The careful study and delineation of Burgundy's vineyards over centuries mean there are secret cuvées to be had if you look close enough. Florence Cholet's Les Enseignères is precisely one of those wines whose magic is realized when you learn about this lieu dit's special real estate.
Puligny's Les Enseignères is located at the foot of Grand Cru Bâtard-Montrachet. As one can imagine, this site imbues the power and richness that Bâtard-Montrachet is famous for while still showcasing loads of saline-drenched minerality and verve. Truly a Puligny-Montrachet that delivers the regal frame and layered depth that's made it the most prized village for Chardonnay on the planet. Also, the Bourgogne Blanc is a new addition for us, sourced from Puligny-Montrachet and Meursault-adjacent vines.
2019 marks the domaine's transition from Christian Cholet-Pelletier to his daughter Florence Cholet. The winemaking at this four-generation domaine is traditional with a real focus on the vineyards. Neutral and second-year barrels are used for aging to minimize new oak influence. After one year in wood, the wine is moved to tank prior to bottling to ensure tension and structure remain highlighted.
I was fortunate enough to work alongside the Cholet-Pelletier family at various points during the 2012 growing season before my time at Domaine Dujac. It was at this domaine that I was introduced to Bernard Boisson. Like Boisson, these wines are produced in minuscule quantities. I've gone deep on the 2019 vintage, and there's no wine I've devoted more cellar space to than today's ultimate insider bottling.
Sitting with friends at San Francisco's Zuni Cafe with a platter of oysters is one of life's great pleasures. Zuni's wine list is one of the best in the city, and it's always a challenge to be decisive before the oysters arrive. However, a friend wasted no time choosing the perfect pairing of stainless steel Chablis: Louis Michel's famous Premier Cru, Montée de Tonnerre, or "Thunder Mountain," as it translates.
As the name might suggest, Montée de Tonnerre isn't your typical Premier Cru, and even more so in the proper hands.
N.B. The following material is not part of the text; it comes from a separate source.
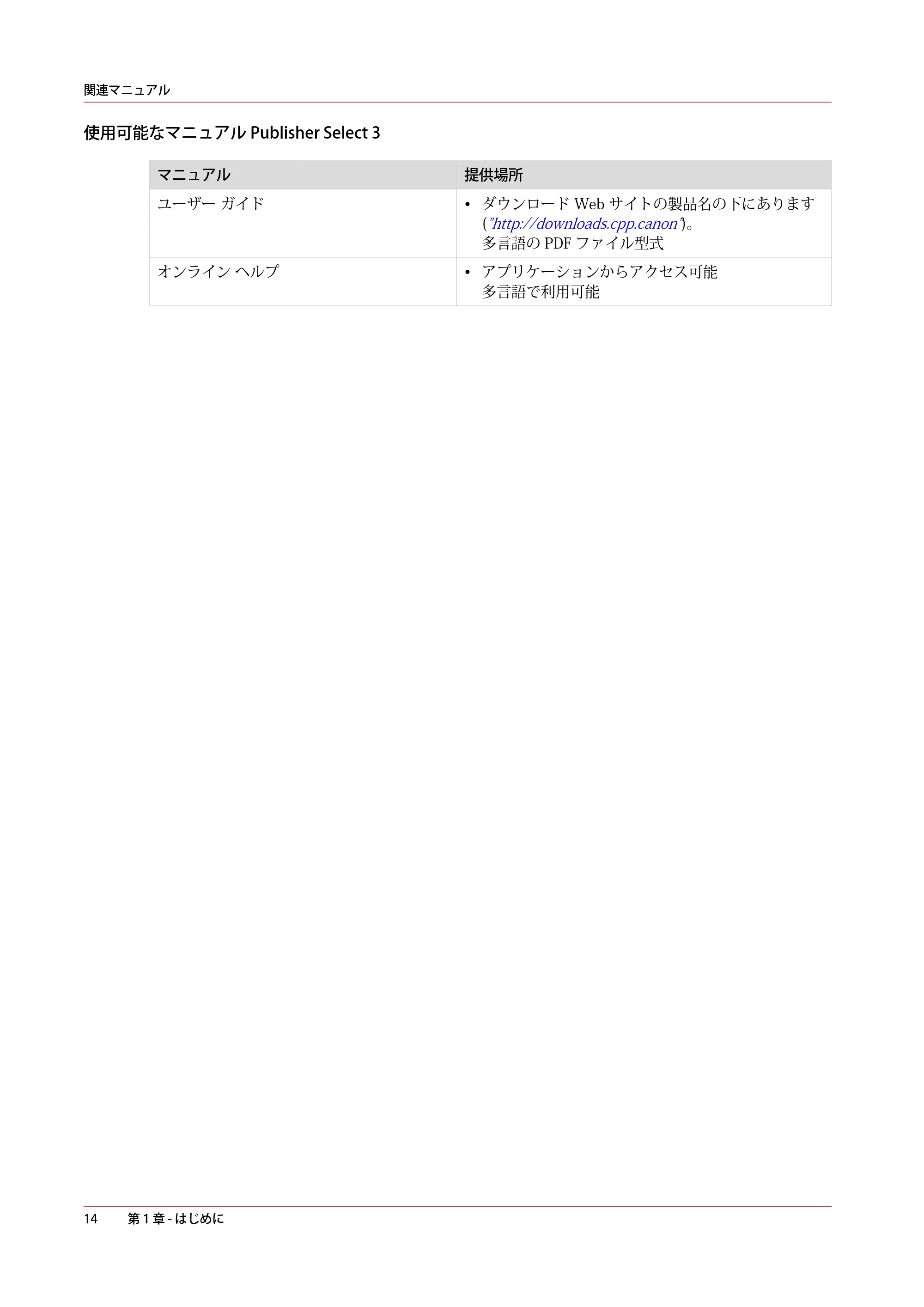 キヤノン PlotWave 5000 操作ガイド 2021年10月2日掲載 （PDF形式／12.48Mバイト） — 原本ページ — 14ページ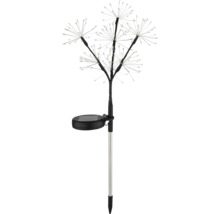 Solarleuchte in Form einer Kugelblume mit Erdspieß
The southwest-facing slope sits next to the seven Grand Cru vineyards of Chablis along the right bank of the Serein river. The old vines here add a sense of grandeur, as the wine picks up flesh and deeper color with time.
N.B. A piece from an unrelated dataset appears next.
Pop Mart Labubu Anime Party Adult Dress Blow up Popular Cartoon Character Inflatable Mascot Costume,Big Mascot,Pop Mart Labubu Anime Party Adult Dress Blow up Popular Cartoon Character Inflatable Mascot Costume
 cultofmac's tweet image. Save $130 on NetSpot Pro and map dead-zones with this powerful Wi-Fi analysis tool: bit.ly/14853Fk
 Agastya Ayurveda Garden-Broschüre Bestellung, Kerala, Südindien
Louis Michel was an innovator in the 1960s that moved away from barrel aging Chardonnay. Chablis's Kimmeridgian limestone soil was so unique that stainless steel was the ideal vessel to unmask its terroir. This domaine has always been synonymous with value, and Montée de Tonnerre is unquestionably a gem.
Perhaps no grower-producer in the Blanc de Blancs Champagne category nails the non-dosage form better than Larmandier-Bernier of Vertus. Ripe, forward fruit and full malolactic fermentation in oak help carry off this tight-rope balancing act. Larmandier-Bernier's early adoption of biodynamic viticulture has put these prime parcels in a position to turn out the very best, razor-precise examples of Chardonnay.
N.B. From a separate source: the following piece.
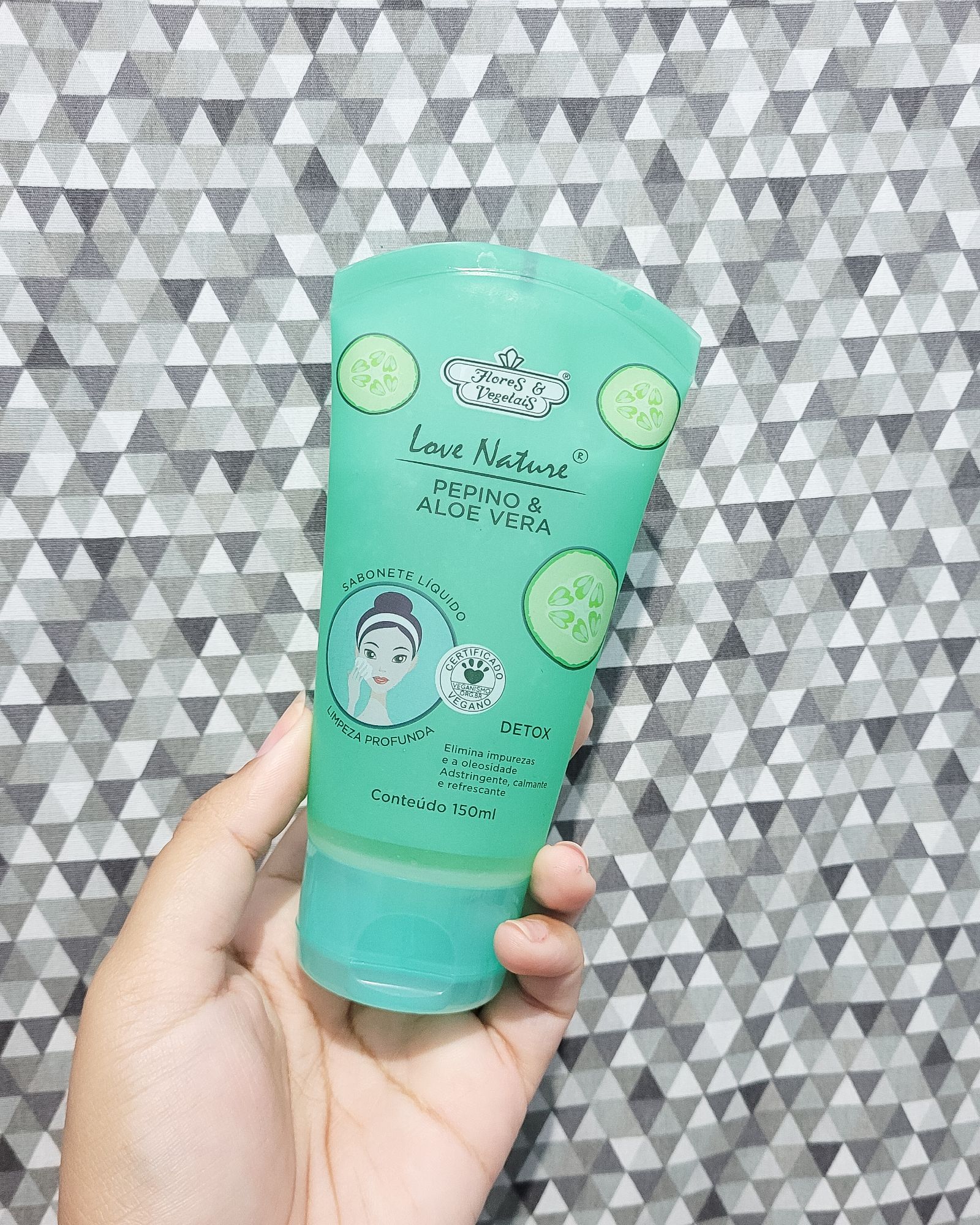 Sabonete líquido Detox de Flores e Vegetais Cosméticos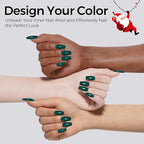 TOMICCA Green Gel Nail Polish, 15ml Christmas Green Gel Polish,Soak Off UV LED for Cure，Color Long Lasting High Saturation and Glossy Nail Art Manicure Salon Women Gifts For Christmas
Terre de Vertus is a special selection of Larmandier-Bernier's top two mid-slope vineyards, Les Barilles and Les Faucherets. Aging four years on the lees also helps soften this cuvée's contours and allows its pulverized rock core to come through with beautiful harmony and balance. Larmandier-Bernier's cellar approach adds buffering texture and breadth to these inherently mineral-infused, laser-focused Champagnes.